* [Task prompt]
Reproduce the records that follow without alteration, apart from removing the pictures.

Extracted data START

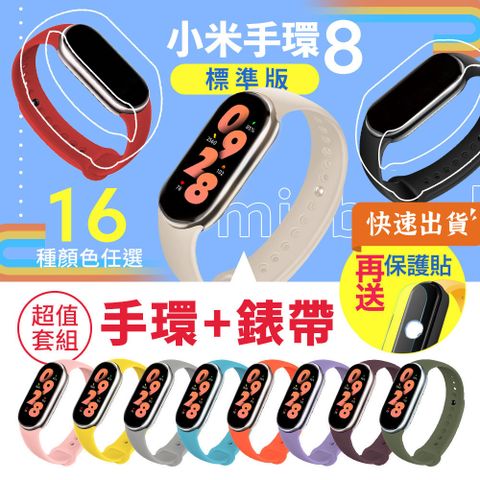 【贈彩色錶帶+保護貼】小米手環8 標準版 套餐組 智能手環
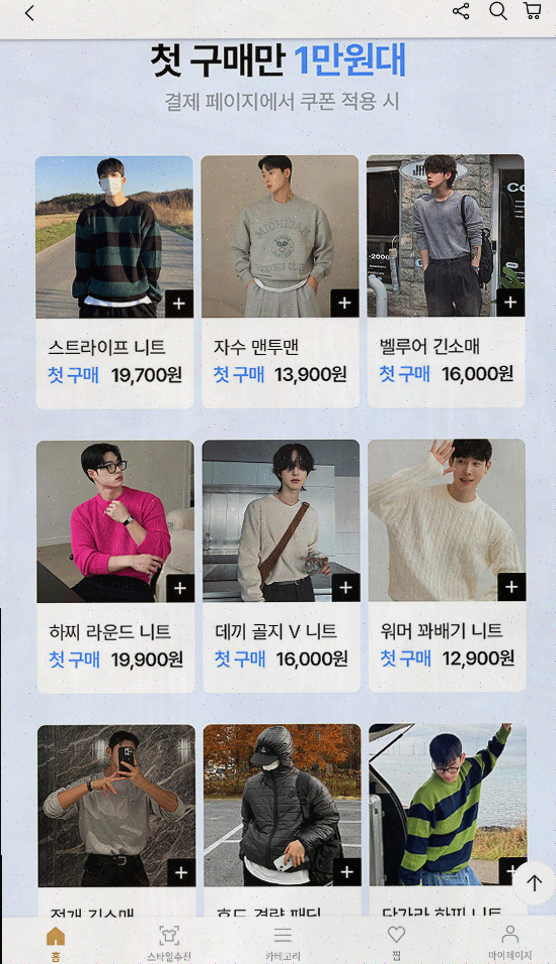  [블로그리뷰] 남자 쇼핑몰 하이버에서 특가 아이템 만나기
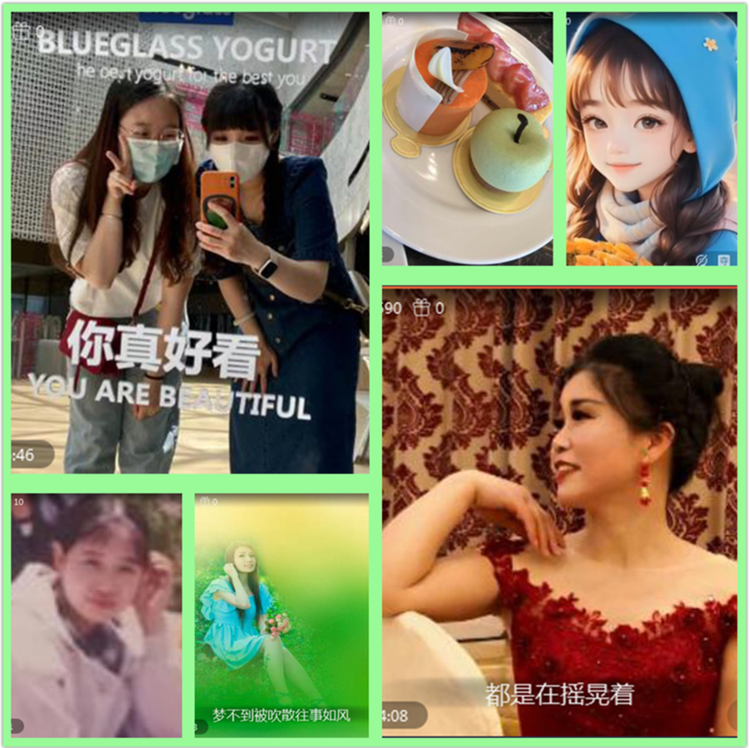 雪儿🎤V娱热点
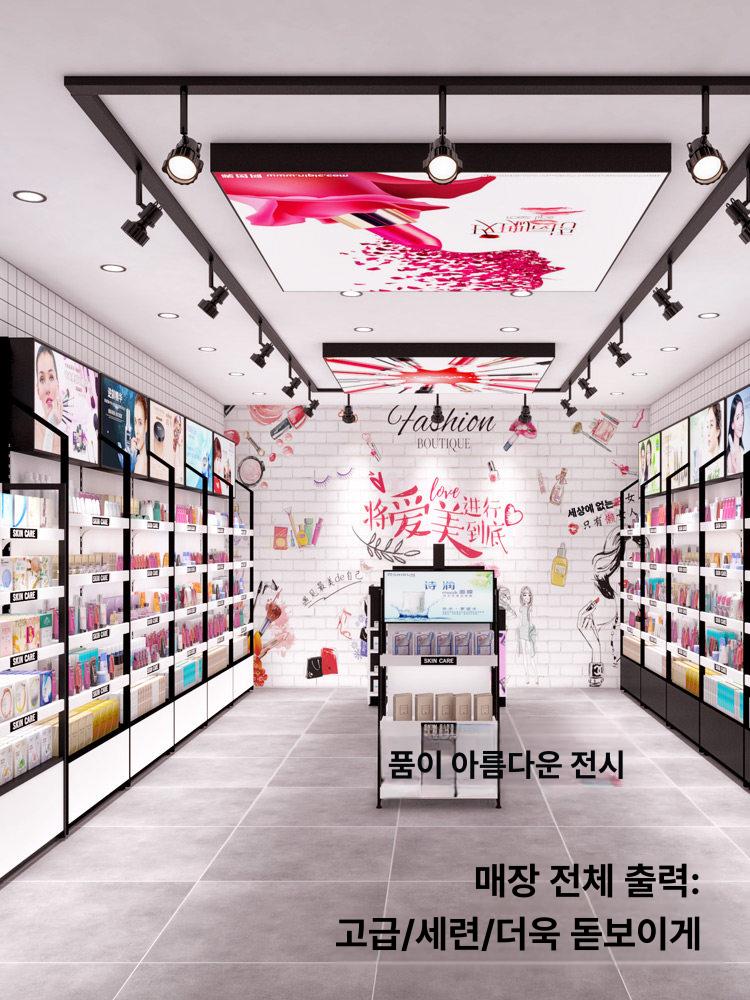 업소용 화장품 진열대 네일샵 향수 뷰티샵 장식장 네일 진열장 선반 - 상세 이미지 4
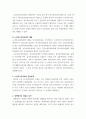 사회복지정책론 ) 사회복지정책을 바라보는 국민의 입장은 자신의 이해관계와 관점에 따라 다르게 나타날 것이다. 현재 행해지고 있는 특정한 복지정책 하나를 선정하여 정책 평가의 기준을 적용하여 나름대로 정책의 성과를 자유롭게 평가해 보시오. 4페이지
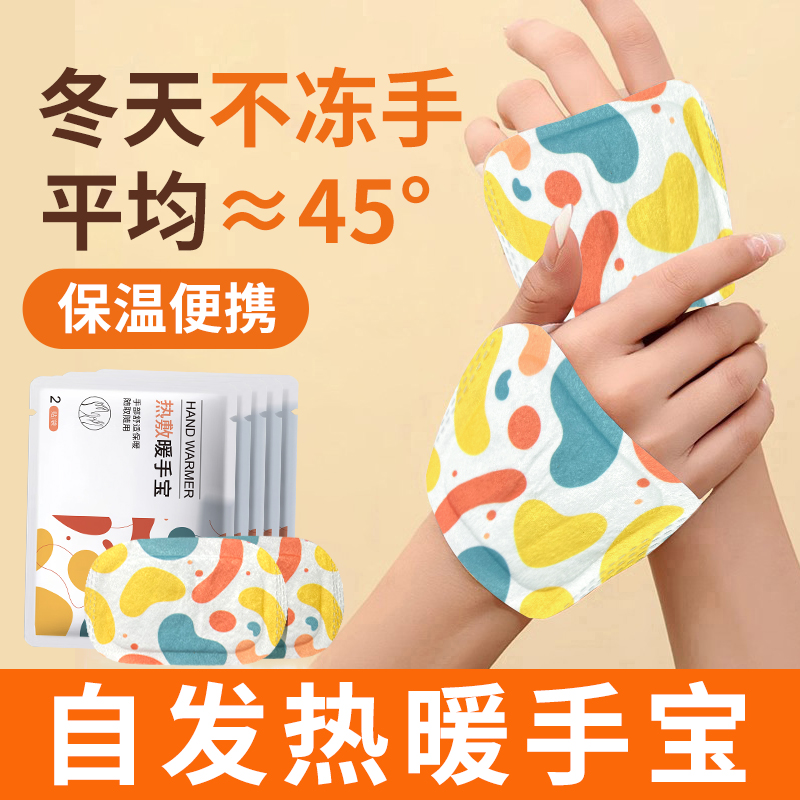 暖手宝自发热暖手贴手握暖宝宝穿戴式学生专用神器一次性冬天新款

Extracted data END

* [Written response]
 【贈彩色錶帶+保護貼】小米手環8 標準版 套餐組 智能手環
  [블로그리뷰] 남자 쇼핑몰 하이버에서 특가 아이템 만나기
 雪儿🎤V娱热点
 업소용 화장품 진열대 네일샵 향수 뷰티샵 장식장 네일 진열장 선반 - 상세 이미지 4
 사회복지정책론 ) 사회복지정책을 바라보는 국민의 입장은 자신의 이해관계와 관점에 따라 다르게 나타날 것이다. 현재 행해지고 있는 특정한 복지정책 하나를 선정하여 정책 평가의 기준을 적용하여 나름대로 정책의 성과를 자유롭게 평가해 보시오. 4페이지
 暖手宝自发热暖手贴手握暖宝宝穿戴式学生专用神器一次性冬天新款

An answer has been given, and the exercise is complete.